Share your dilemmas and get honest opinions from other Mumsnetters.

In wanting to 'have a word' with this woman?

133 replies

Cortina · 24/05/2010 11:01

Brief background, I travelled to school with a girl who made my life a complete misery for about 5 years or longer. She was, back then a pretty, popular girl who everyone seemed to look up to. She came from a family who appeared comfortably off, stable and very happy which makes what happened even harder for me to understand even now.

For whatever reason she decided to single me out for some pretty poisonous bullying. Every time she saw me she would contort her face into a grimace, come up about a inch away from me, and tell me how ugly I was etc, etc. She rounded up her followers and they would take my bag, my money, some of my clothes that sort of thing. I didn't fit in with her gang and neither did I want to. I am no victim but it was impossible to stand up to 6 or more people and others I think were too scared to intervene.

It affected me badly, even now I suffer sometimes because of it. My self esteem took a bashing as you can imagine. Gradually my good friends, there were a couple who would sit with me, backed away and began to laugh and join in with this girl over time.

Turns out she is going to be at a small party a friend of mine is hosting in a few weeks. Turns out she is a good friend of her! They both worked overseas together. I've told her about what happened to me and she can't believe that this girl could ever do anything like this. I feel angry that she dented my confidence for so many years and was planning to avoid the party. My friend says she'd just forget it all, this other girl has apparently changed.

I've been successful over the years and have done well for myself despite a difficult childhood, I am proud of my achievements. I am now planning to go, and not only that to have a word with her about what she did and the damage she caused to me and probably others. She has daughters about the same age as me when her onslaught started, how would she feel if someone singled them out for similar behaviour?

There are bullies and then there is this girl. The school thought she was wonderful, she was revered by everyone. At least on the surface. I never told anyone about what happened and I assumed I really must be an ugly loser. It took me a long time to realise I wasn't and I'm not but I still bear the scars. Writing this, and looking back, I am honestly puzzled why she seemed to single me out?

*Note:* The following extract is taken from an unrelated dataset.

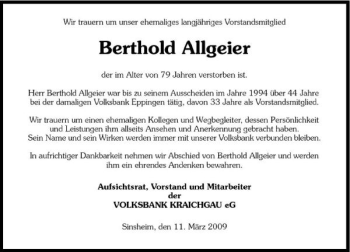 Traueranzeige von Berthold Allgeier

So should I really be letting bygones by bygones? I plan to ask her somehow why she thought she had a right to behave as she did in a calm, measured way. Thing is I feel emotional about it all, even now, and am probably not going to be calm and measured am I? Also realise my friend's party isn't the right time or place. I am damned if I am going to be a doormat and do and say nothing? Or is the best revenge living well, which I am now doing?

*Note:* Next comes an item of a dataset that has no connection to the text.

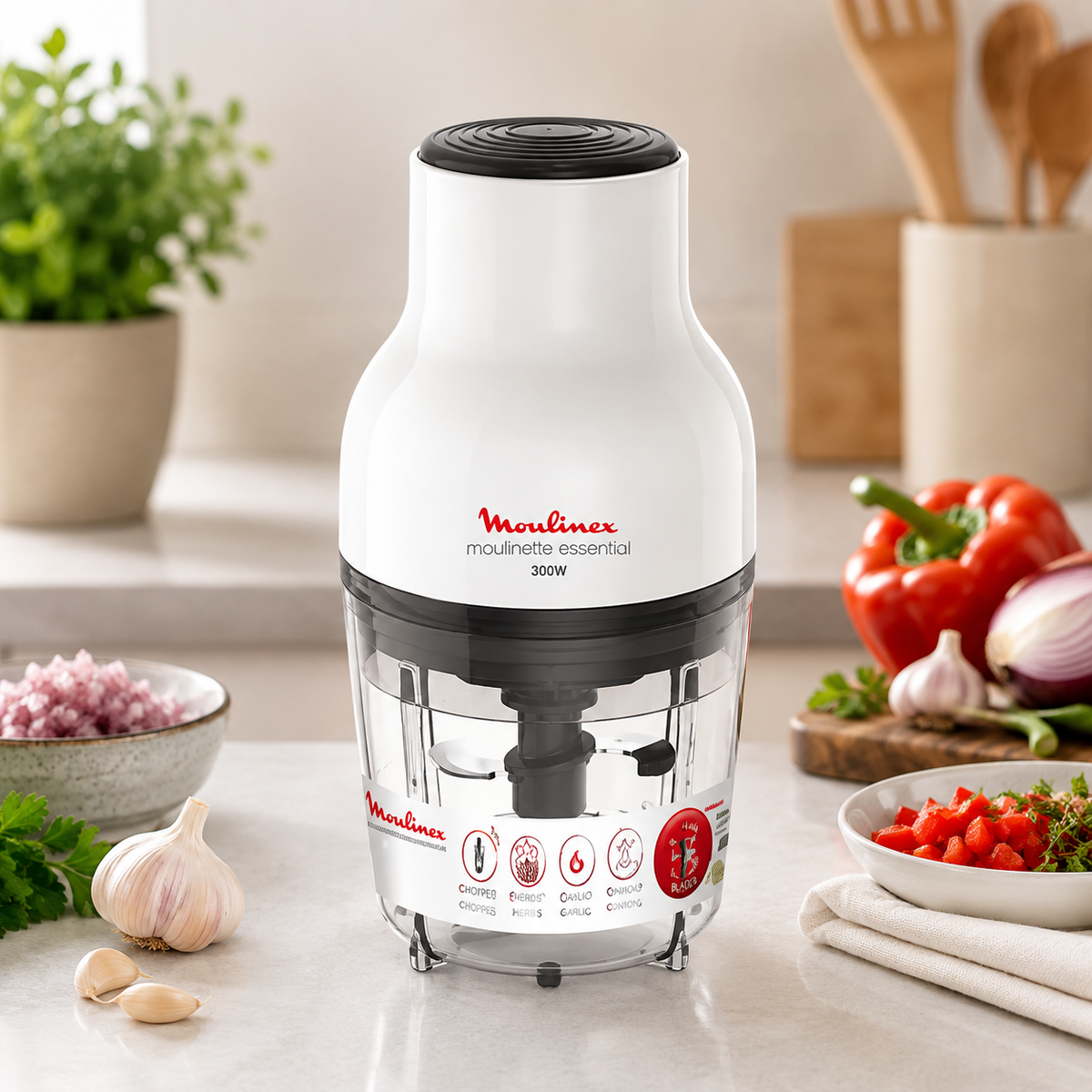 Moulinex DJ520127 Chopper | 400ml 4-Blade Moulinette Essential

I feel I need to say something, somehow.

A bit of a WWYD I suppose? Thanks!

OP posts:
JamesAndTheGiantBanana · 24/05/2010 12:33

Actually I really like what Mandi1984 suggested:

Say in front of everyone loudly and cheerfully 'I remember YOU! You used to call me ugly at school! Do you remember?'

and then just stand looking really amused sipping your drink. If she denies it just laugh and walk away, if she apologises, accept nonchalently and move on. Either way she'll be embarassed!

redshoesnoknickers · 24/05/2010 12:39

Will her children be at the party? If so I think it would be better to keep any exchange with her very low key - it's not their fault she was a horrid child and it would be awful to hear your mum had behaved like that.

McDreamy · 24/05/2010 12:45

I'm so sorry you were treated like this - how sad

I think if I were you (and I can think of one person that comes vaguely close-ish) I would breeze into the party (looking bloody fabulous ) and if you come face to face with her be very nice and just say "Oh I DO remember you" and leave it at that!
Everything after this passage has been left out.